Visit the 19 best monuments in Meknes

Visit the 19 best monuments in Meknes

Visit the 19 best monuments in Meknes

Visit the 19 best monuments in Meknes: Meknes is a historic Moroccan city with a rich and varied history. Built in the 11th century, the city has preserved a number of historic sites from that era. In honor of its history and rich heritage, here are Meknes’ 18 must-visit monuments.

1. Bab Mansour Laalej

Bab Mansour Laalej is an 18th-century Ottoman gateway in the medina of Meknes, Morocco. It was built in 1771 on the orders of Sultan Mohamed Ben Abdallah, who had chosen Meknes as his capital. The gate is one of the city’s most important monuments, and stands at the entrance to a small square known as “Plateau des Ambassadeurs”.

Bab Mansour Laalej is one of the few Ottoman gates in Morocco to have retained its original function as a monumental city entrance. It has been declared a national monument by the Moroccan Ministry of Culture and Communication.

2. Place Lahdim

Place Lahdim is a large square in the center of Meknes, Morocco. It was built in 1755 by Sultan Mohammed ben Abdallah, who also ordered the construction of several other architectural monuments in Meknes. It is located on the edge of the Medina district, near the Bab Mansour gate. named after Moulay Ismail’s minister, Ahmed El Mansour Ben Lahdim.

The square is surrounded by arcades supported by columns with Corinthian capitals. At its center is a fountain with a small pavilion at each corner. On one side of the square is the Mausoleum of Moulay Ismail, built between 1670 and 1671 by the architect Abderrahman Mouhaoui El Ghalbani in memory of Moulay Ismail, who was buried here in 1672.

3. Habs Qara

The Habs Qara is a castle in the medina of Meknes. It was built by Moulay Ismail, the Sultan of Morocco, between 1669 and 1672. The name Habs Qara means “Black Fortress” in Arabic.
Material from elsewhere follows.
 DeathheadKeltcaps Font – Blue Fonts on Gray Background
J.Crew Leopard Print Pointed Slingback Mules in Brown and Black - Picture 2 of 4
Rectangular in shape, the fortress has a perimeter of 380 meters, and its walls are thick enough to withstand cannon fire. The entrance is on the north side, at the same level as the ground outside.

The fortress has two floors: the upper floor houses the residence and reception rooms, while the lower floor contains the stables and other rooms used for storage.

4. Dar Jamai Palace

Visit the 19 best monuments in Meknes: The Dar Jamai Palace is a historic building in Meknes, Morocco. It was built in the 19th century by Sultan Moulay Hassan I. The sultan was inspired by European architecture and wanted to create a palace worthy of his status as ruler of Morocco.
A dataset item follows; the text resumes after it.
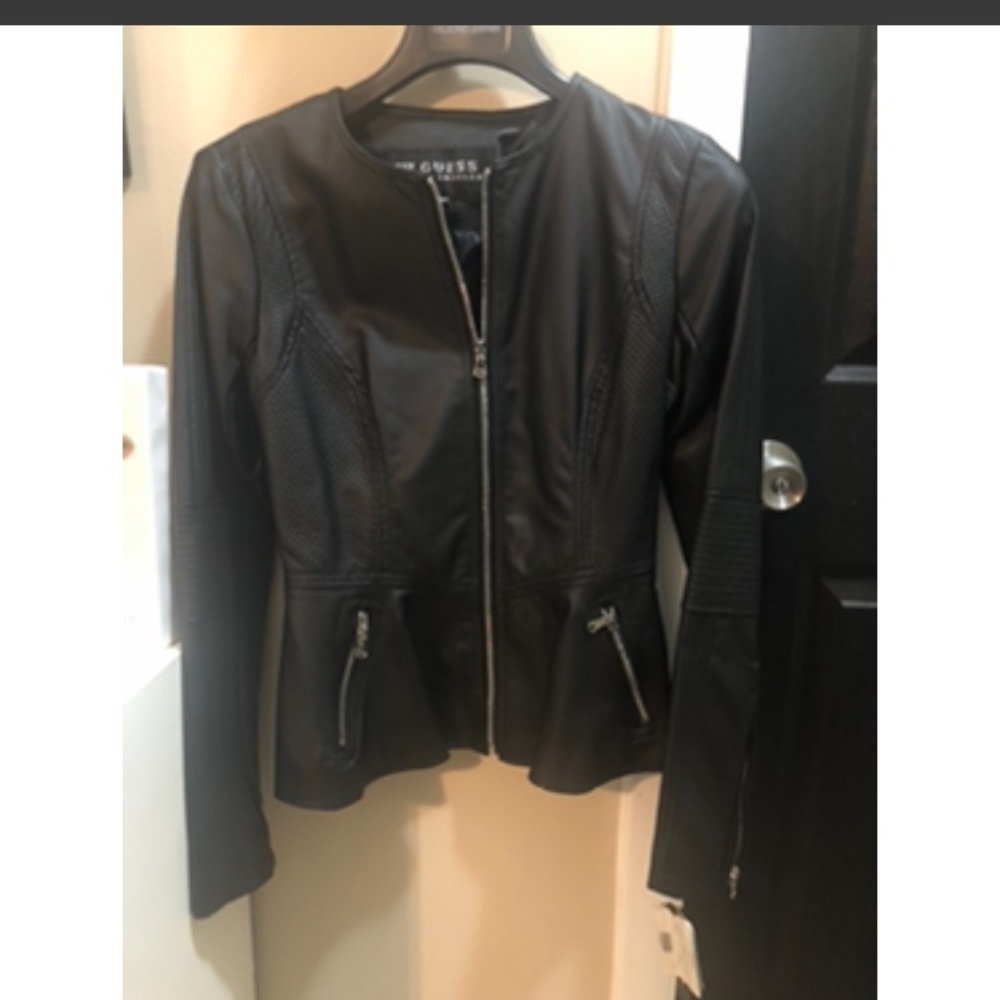 Black leather alternative jacket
The Dar Jamai palace is located to the east of the city center, near the Bab Mansour gate and the Bab el-Mansour mosque. The palace is surrounded by a garden and covers an area of around 5 hectares. The main entrance is called Bab el-Mansour (Mansour Gate), after one of the gates in the city’s medina.

5. Medersa Bou Inania

The Medersa Bou Inania is a madrasa in Meknes, Morocco. It was built by Sultan Moulay Ismail and completed in 1792. The building is considered one of Meknes’ most important monuments and has been a UNESCO World Heritage Site since 1985.

The medersa was designed by the architect Muhammad Sijilmasi, who also designed other buildings in Meknes, including the Bou Inania mosque. The madrasa was built on top of an earlier building destroyed by fire in 1759, which had served as both a palace library and accommodation for travelers.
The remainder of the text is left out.